### THE TASK
Below are the records; retype them exactly and omit each picture.
Top of GIVEN RECORDS
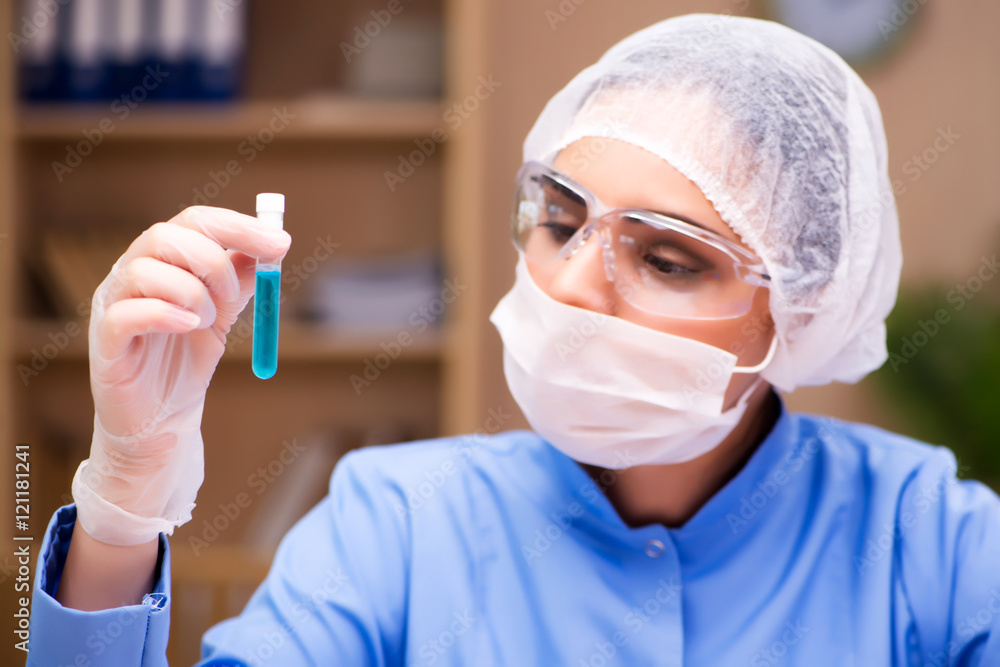 Lab chemist working with microscope and tubes Lab chemist working with microscope and tubes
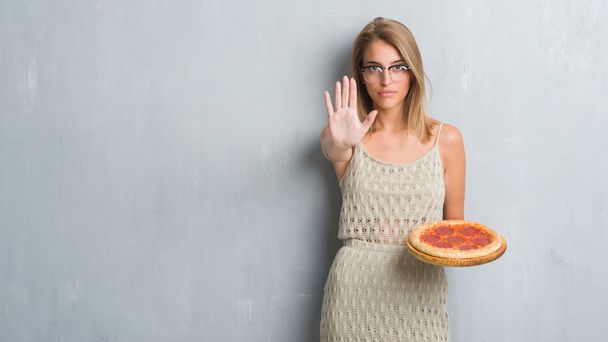 Όμορφη νεαρή γυναίκα πάνω από grunge γκρίζο τοίχο τρώγοντας πίτσα πεπερόνι με ανοιχτό χέρι κάνει στοπ με σοβαρές και αυτοπεποίθηση έκφραση, χειρονομία άμυνα - Φωτογραφία, εικόνα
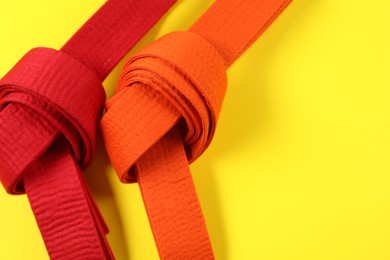 Photo of Red and orange karate belts on yellow background, flat lay. Space for text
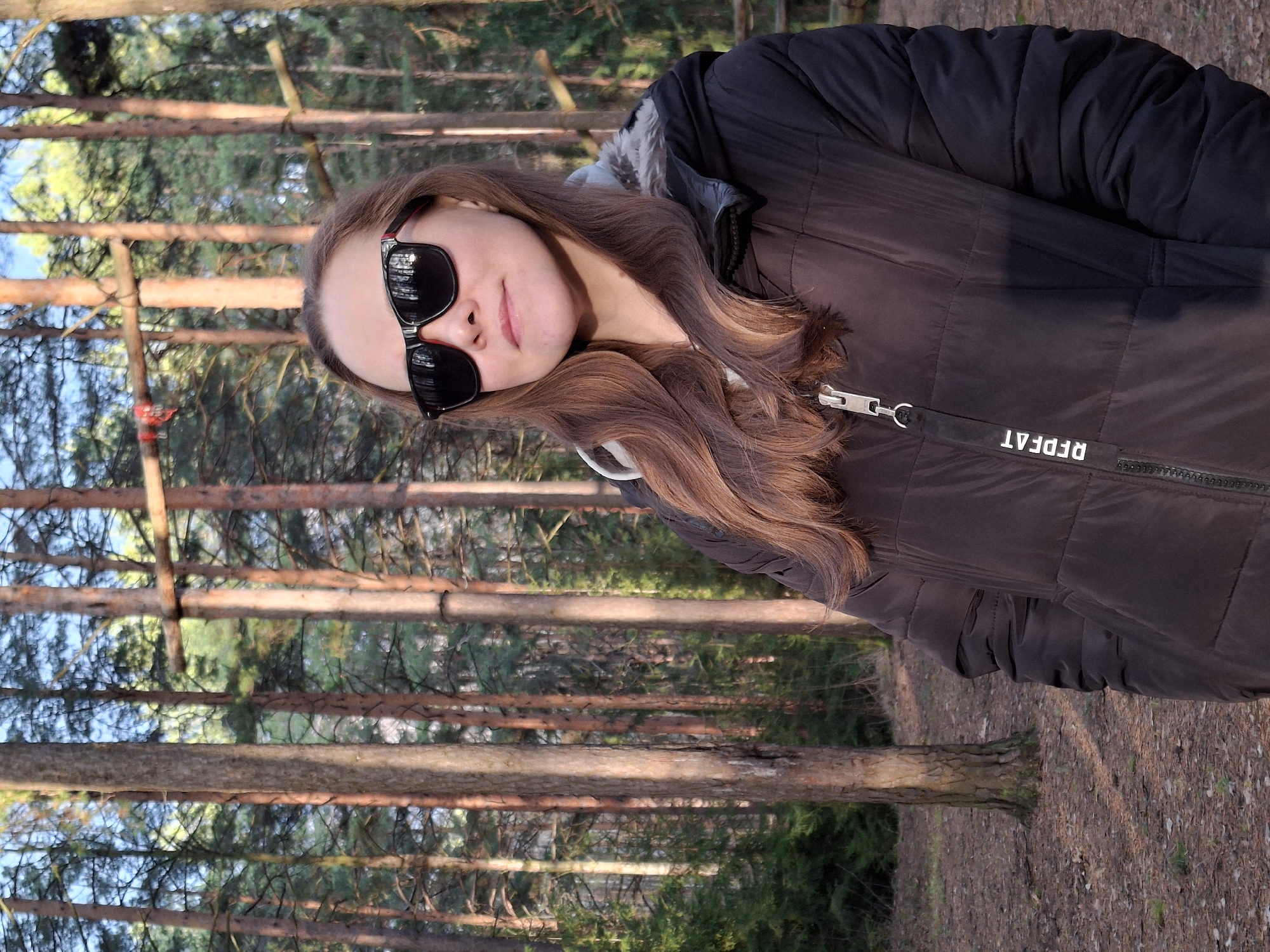 A young woman is depicted posing outdoors in a pine forest, likely in Chaikovsky, Russia. She is shown in a relaxed pose, with her head tilted slightly, and a subtle smile. Her long, wavy brown hair falls over her shoulders. She wears black sunglasses with visible red accents on the frames.
The woman is dressed in a dark, padded winter jacket, which appears to be black or very dark brown. A zipper runs down the front of the jacket, and a black strap attached to the zipper pull displays the text "RFDFAT".
The background features numerous tall, slender pine trees with characteristic reddish-brown trunks, indicative of a dense pine forest. The forest floor is covered with a layer of pine needles. The lighting suggests a clear day, possibly late afternoon or early morning, with warm, soft sunlight filtering through the trees, creating a serene and natural ambiance. She appears calm and comfortable in the outdoor setting.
Bottom of GIVEN RECORDS
### REPLY TO THE EXERCISE
 Lab chemist working with microscope and tubes Lab chemist working with microscope and tubes
 Όμορφη νεαρή γυναίκα πάνω από grunge γκρίζο τοίχο τρώγοντας πίτσα πεπερόνι με ανοιχτό χέρι κάνει στοπ με σοβαρές και αυτοπεποίθηση έκφραση, χειρονομία άμυνα - Φωτογραφία, εικόνα
 Photo of Red and orange karate belts on yellow background, flat lay. Space for text
 A young woman is depicted posing outdoors in a pine forest, likely in Chaikovsky, Russia. She is shown in a relaxed pose, with her head tilted slightly, and a subtle smile. Her long, wavy brown hair falls over her shoulders. She wears black sunglasses with visible red accents on the frames.
The woman is dressed in a dark, padded winter jacket, which appears to be black or very dark brown. A zipper runs down the front of the jacket, and a black strap attached to the zipper pull displays the text "RFDFAT".
The background features numerous tall, slender pine trees with characteristic reddish-brown trunks, indicative of a dense pine forest. The forest floor is covered with a layer of pine needles. The lighting suggests a clear day, possibly late afternoon or early morning, with warm, soft sunlight filtering through the trees, creating a serene and natural ambiance. She appears calm and comfortable in the outdoor setting.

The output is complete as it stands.